▶ **Your instructions**:
A verbatim copy of all the data is required, minus any images.

▶ **Data extract**:
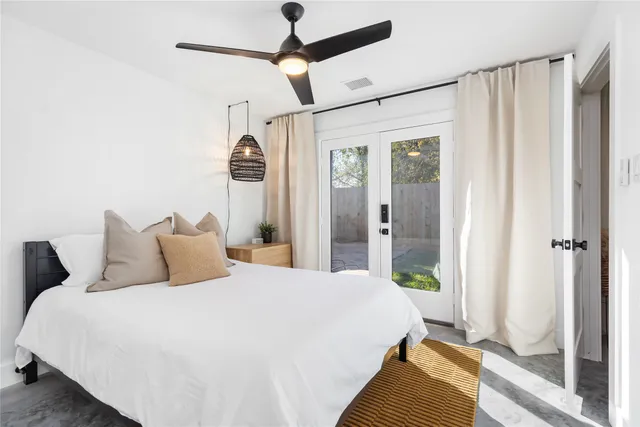 $649,500 | 410 East 33rd Street, Houston, TX 77018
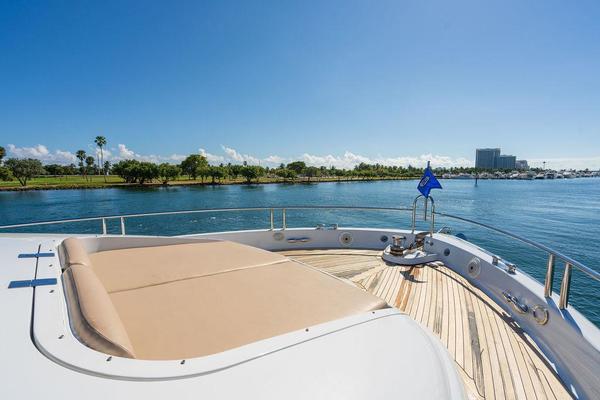 Lazzara Yachts 84 Flybridge Yacht For Sale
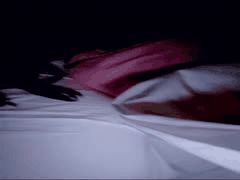 【禁忌乱伦】哥哥骗放学妹妹玩脱衣飞行棋，肉棒意外滑入嫩穴，妹妹惊慌哭喊：哥这是乱伦！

▶ **Your response**:
 $649,500 | 410 East 33rd Street, Houston, TX 77018
 Lazzara Yachts 84 Flybridge Yacht For Sale
 【禁忌乱伦】哥哥骗放学妹妹玩脱衣飞行棋，肉棒意外滑入嫩穴，妹妹惊慌哭喊：哥这是乱伦！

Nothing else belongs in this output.